## DATA

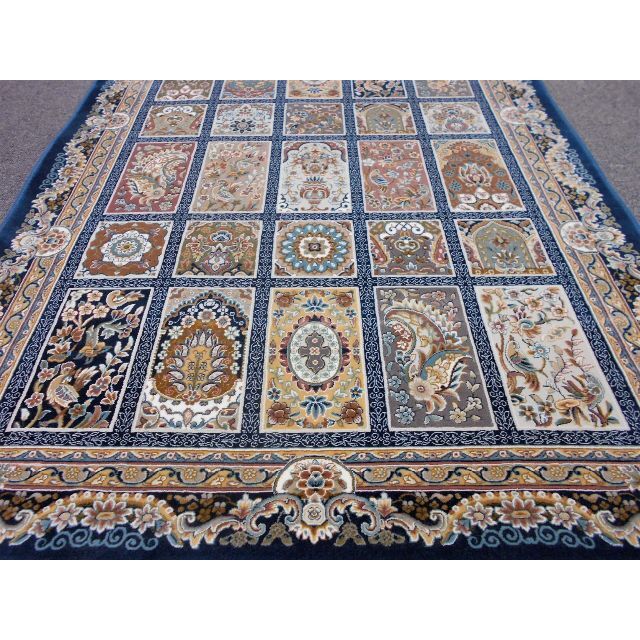 225万ノット!超高密度織 絨毯 本場 イラン産 70×120cm‐200241 何でも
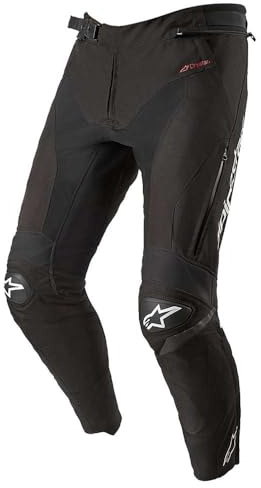Alpinestars T-SP R Drystar pantaloni tessili moto impermeabili, nero, 3XL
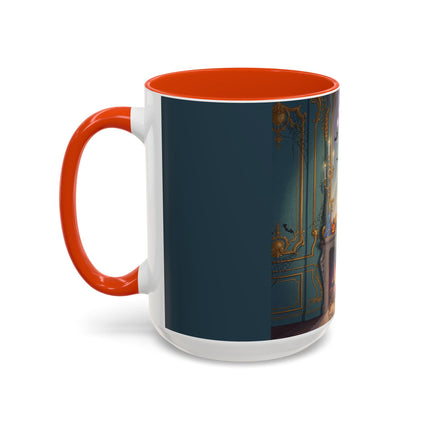 🕯️🎃 The Moonlit Manor Drawing Room Colorful Mug – Elegant Halloween Charm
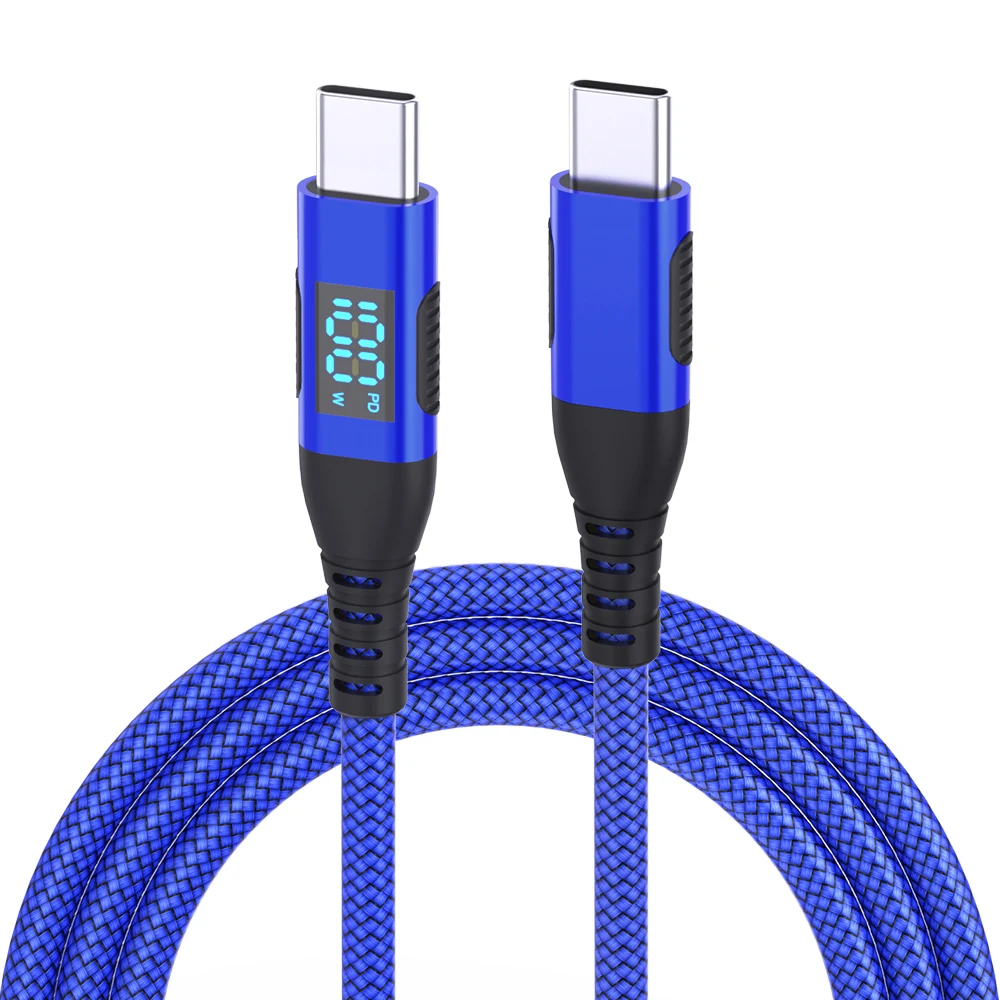 High-Speed 60/100W USB-C to USB-C Fast Charging Cable with 480Mbps Data Transfer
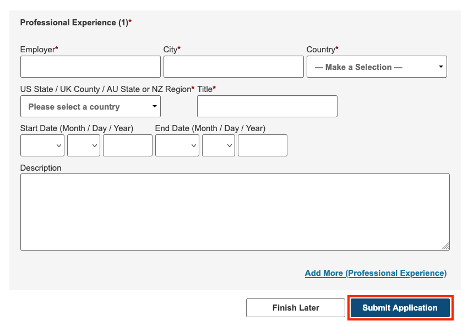 Complete application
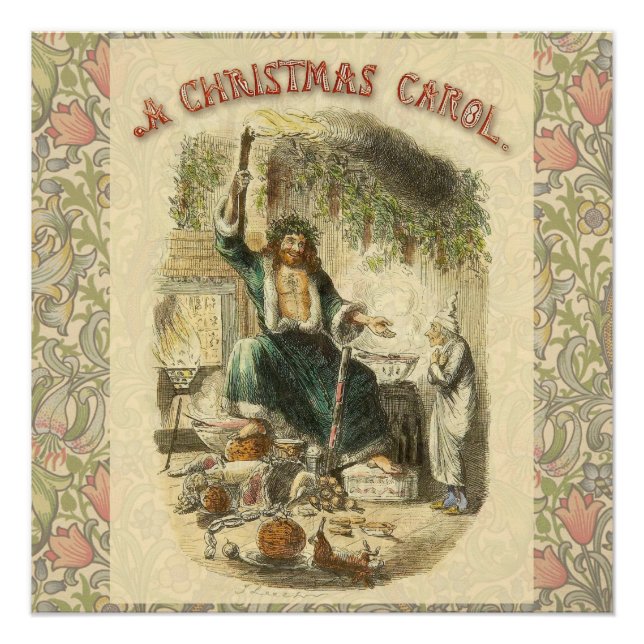 Pôster Fantasma do Natal Presente Scrooge (Frente)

## EXERCISE
Print the records exactly and omit all pictures.

## OUTPUT OF THE EXERCISE
 225万ノット!超高密度織 絨毯 本場 イラン産 70×120cm‐200241 何でも
Alpinestars T-SP R Drystar pantaloni tessili moto impermeabili, nero, 3XL
 🕯️🎃 The Moonlit Manor Drawing Room Colorful Mug – Elegant Halloween Charm
 High-Speed 60/100W USB-C to USB-C Fast Charging Cable with 480Mbps Data Transfer
 Complete application
 Pôster Fantasma do Natal Presente Scrooge (Frente)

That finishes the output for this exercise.